この民族は、日本人の祖先でもあるモンゴロイド系の民族でした。
とくに現在の米領サモアのマヌア諸島は、ポリネシアの中でも最も古い歴史を持っている島で、一時はマヌア諸島の王が、現在のフィジーやトンガ、クック諸島といった島々を支配していた時代もありました。
サモア人のルーツについて興味がある方は、こちらの記事もあわせてご覧ください。
ヨーロッパとの接触
独自の文化を築いていったサモアが西洋の人々に発見されたのは、18世紀のことでした。
1772年にオランダ人が現在の米領サモアの小島を発見したことが記録されているほか、1768年にはフランス人探検家がこの島に上陸し住民と接触しました。
これを機に、多くのヨーロッパ人がサモアに上陸することになります。
そして、1828年にメソジスト派の宣教師が初めてサモアに上陸したのをきっかけに、欧米諸国の流入は一気に加速していきました。
欧米諸国の介入による分断
19世紀後半になると、サモアの中で大きな権力闘争が巻き起こります。
伝統的に高い地位を有してきた2つの家系が東西に別れ、住民を巻き込んだ争いが続きました。
そしてこの権力闘争にドイツと米・英両国の主導権争いが絡み、収拾がつかないくらいの混乱がサモアを襲いました。

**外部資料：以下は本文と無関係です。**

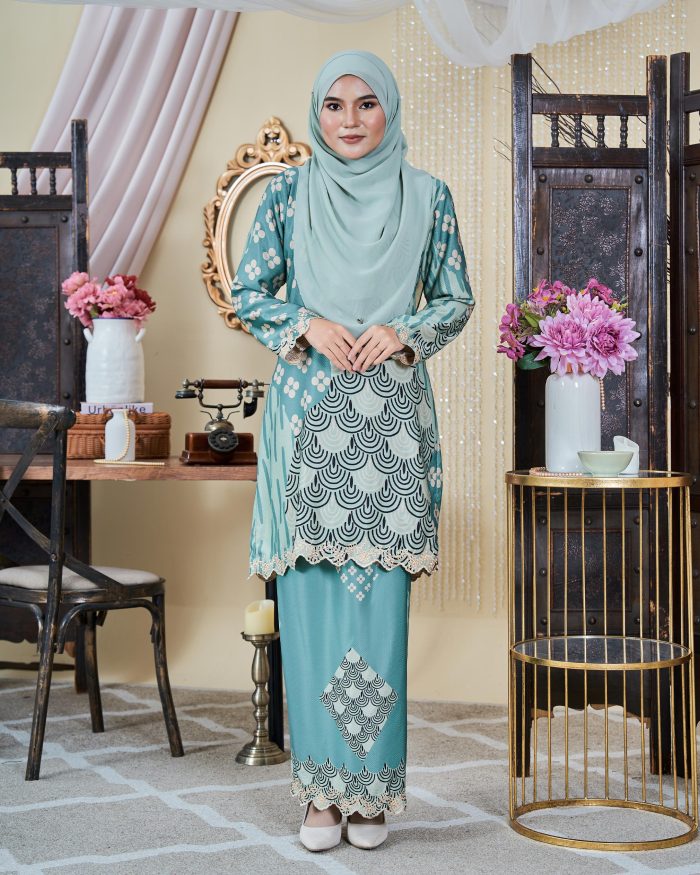 Baju Kurung Moden Sulam Batik Sultanah 9.0 - Embun Turquoise Green - Image 2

そして1899年、独米英の3国間で条約が締結され、サモア諸島の東部を米国、西部をドイツが統治することに決まりました。
これ以降、サモア諸島は東西に分裂した歴史を歩むことになったのです。
ちなみに、1962年に西側のサモアは独立を果たし、「西サモア」と名乗り始めました。
現在の「サモア独立国」という名前になったのは1997年でした。
一方、米領サモアはこの出来事から現在に至るまでアメリカ領のままです。
サモア独立国と米領サモアの違い・共通点
このように、欧米諸国の都合が大いに影響して分断されたサモアと米領サモア。
異なる道を歩むようになって50年以上が経ち、現在、サモアと米領サモアにはどのような違い・共通点があるのでしょうか。
時差が24時間
サモア独立国と米領サモアの時差は24時間です。
その理由は、日付変更線がサモア独立国と米領サモアの間に通っているから。
これ、実は2011年から始まったことなんです。
それまでは、サモアも日付変更線の東側、つまり米領サモアと同じ時間帯で過ごしていました。
しかし、サモアは独立以降、西のニュージーランドとの貿易が盛んになっていったため、時差によって約一日ずれてしまうことで、経済的に不便な思いをしていました。
(例えば、サモアが土曜で休みなのにNZが金曜で平日だと経済的なやり取りがしにくいなど)
そこで、2011年に「サモアは日付変更線の東から西に移動しまーす!」と宣言することになったのです。
移行する当日は2011年12月29日の24:00だったんですが、日付が変わる瞬間に一気に12月31日0:00に移行しました。
したがって、サモアの歴史に2011年12月30日は存在しません!(いやマジで)
通貨や法律の違い
サモア独立国と米領サモアの違いはまだまだあります。
例えば通貨。サモア独立国はタラという独自通貨ですが、米領サモアはアメリカドルです。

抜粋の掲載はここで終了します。